To fix this (they use the word “problem” but I’ll use:) situation, Governor Perry and Lite Guv Dewhurst are considering an amendment to the Constitution that would cap spending at the combined rate of inflation and population growth. Problem is, they don’t have as much backing as they may want/need:
The debate among Republicans over the state’s fiscal record exposed deep fissures in the party during this year’s primary. In his losingbid for U.S. Senate, Dewhurst vowed to bring the “Texas model” of fiscal restraint to Washington, a promise that was mocked by the winner, Ted Cruz, who had the support of Tea Party groups.
“In his entire tenure in elected office, he has never once cut one penny from the state budget,”Cruz said during a televised debate earlier this year.
At the time, Dewhurst accused Cruz of lying.
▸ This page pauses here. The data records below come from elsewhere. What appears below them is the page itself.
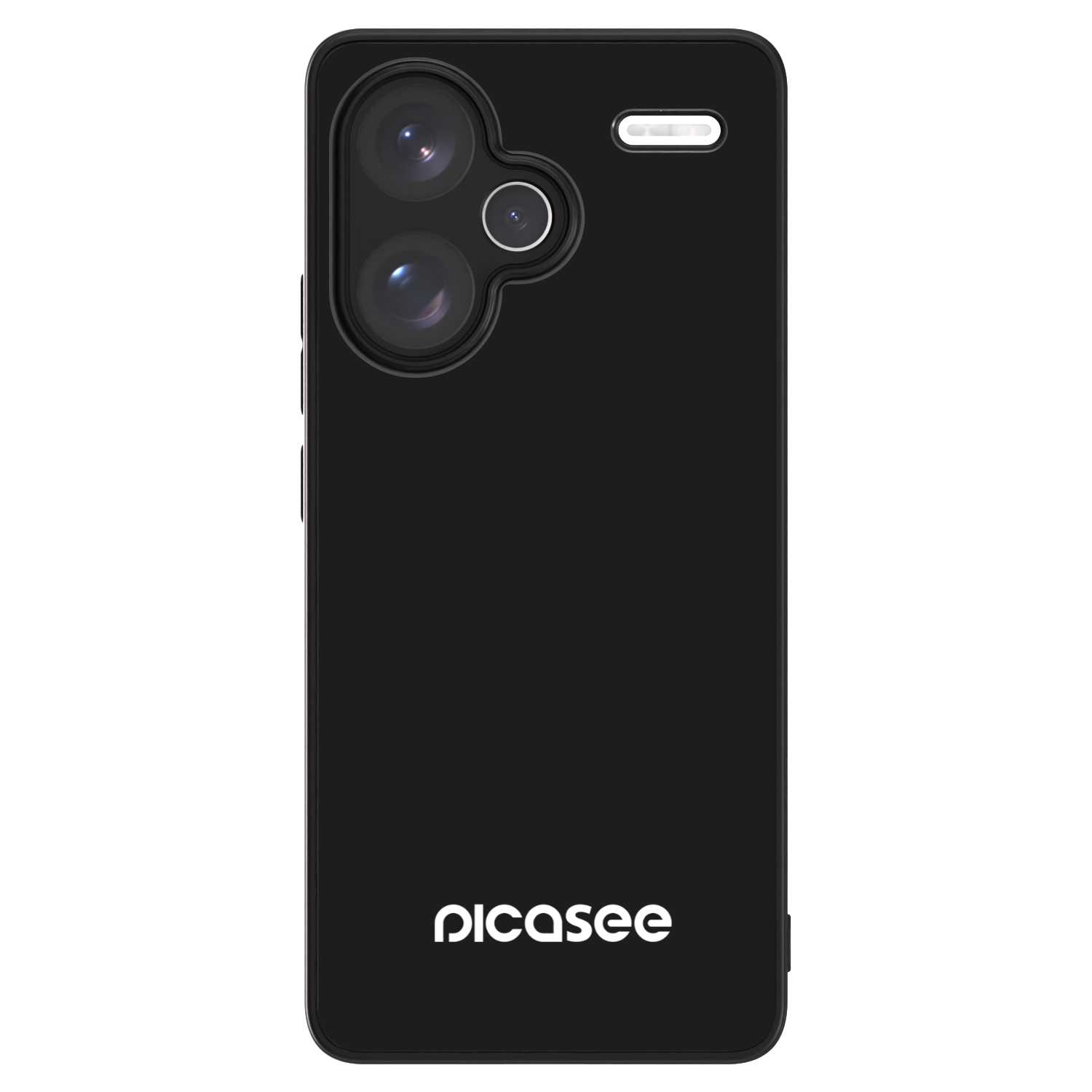 Picasee ULTIMATE CASE για Xiaomi Redmi Note 13 Pro+ 5G - Picasee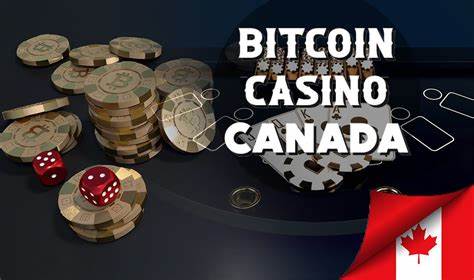 Best Bitcoin Casinos Canada: Wild.io Picked as the Top Crypto Casino in Canada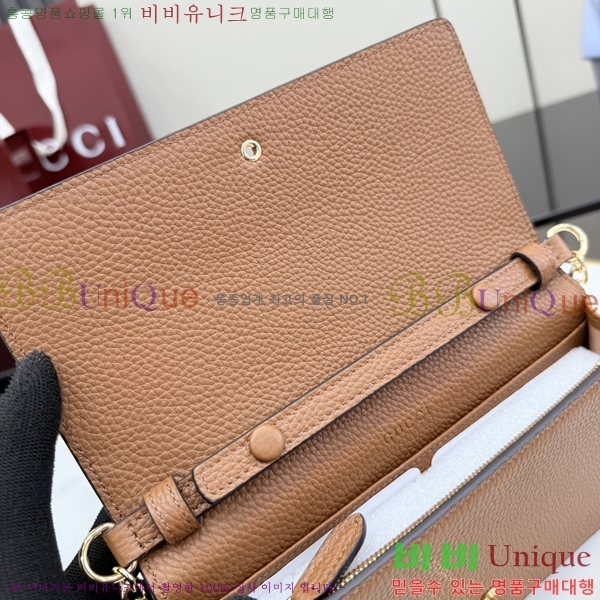 #���� GG ���� Ȧ���� ü�� ���� 855654-303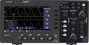 Digitális oszcilloszkóp 150 MHz 4 csatornás 1 GSa/mp 80 kpts 8 bit DSO, Voltcraft DSO-2154 SE 2. bélyegkép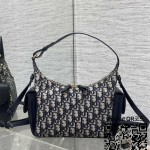 디올 디드림백 D-Dream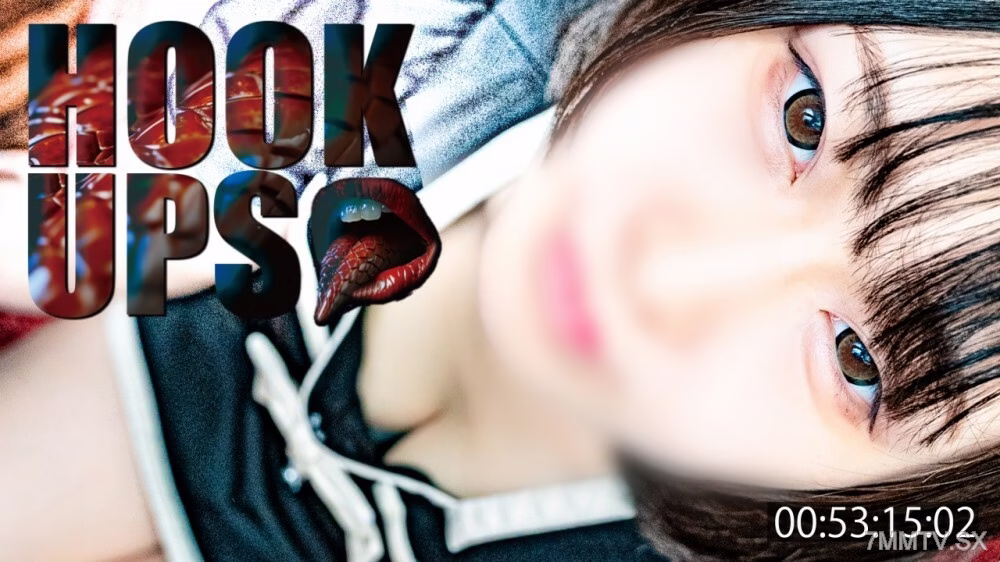 FC2-PPV-4534525 มะเร็ง *การตรวจสอบที่ไม่รู้จัก การทดสอบเส้นทางหยิน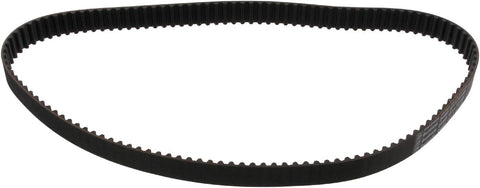 febi bilstein 24465 Timing Belt for camshaft, pack of one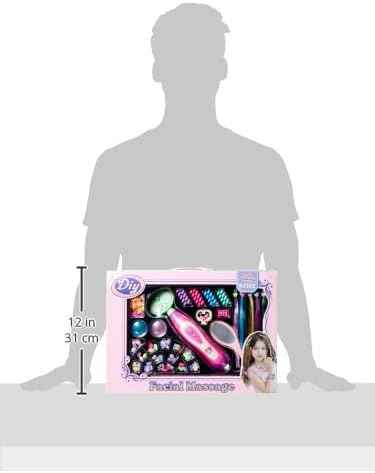 Multicolor Bead String - Safqqa Egypt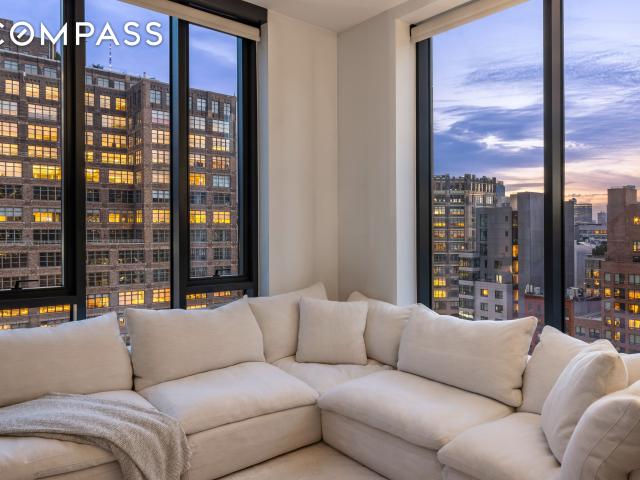 570 Broome Street, New York, NY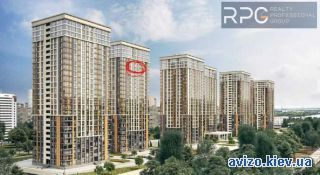 Продажа <a class='adt__geo' href='/nerukhomist/prodazh-kvartyr-budynkiv/kvartyry/kyiv-misto/q-2-кімнатні/'>2 кімнати</a>-комнатной квартиры, ст.м. Осокорки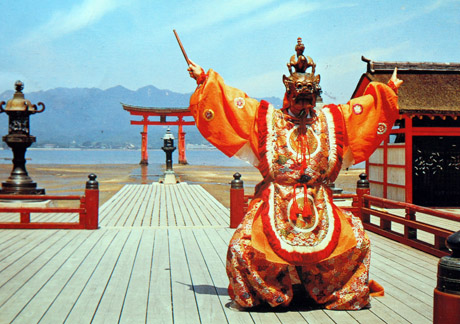 Atvirukus atsiuntė nepažįstami žmonės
Last month, Dewhurst said critics were still misinforming Texans about the state’s budget history.
“We have kept our spending as low as possible while, in my judgment, still funding our priorities,” he said, “and not enough credit is given to the members of the Legislature for that.”
The Constitution currently restricts budgetary growth to the rate of growth for state personal income, which is typically higher than the Perry/Dewhurst plan.